Task goal - Write every line of the material again exactly, with no pictures in the copy.

Data -
════

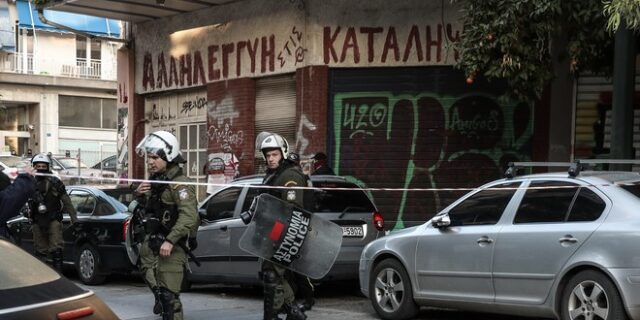 Κουκάκι: Τριπλή αστυνομική επιχείρηση εκκένωσης καταλήψεων – Ένταση και χρήση χημικών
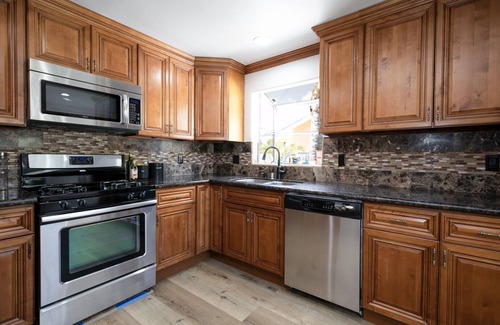 Winnetka House | Beautiful and Spacious Home in San Fernando Valley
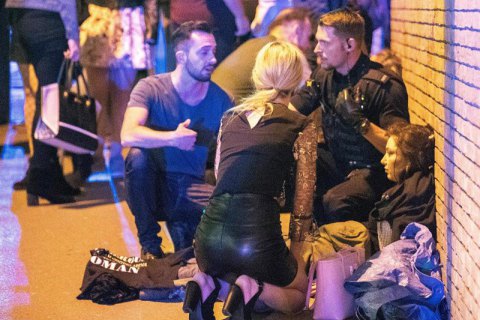 20 пострадавших при взрыве в Манчестере находятся в критическом состоянии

════

Output for this task -
 Κουκάκι: Τριπλή αστυνομική επιχείρηση εκκένωσης καταλήψεων – Ένταση και χρήση χημικών
 Winnetka House | Beautiful and Spacious Home in San Fernando Valley
 20 пострадавших при взрыве в Манчестере находятся в критическом состоянии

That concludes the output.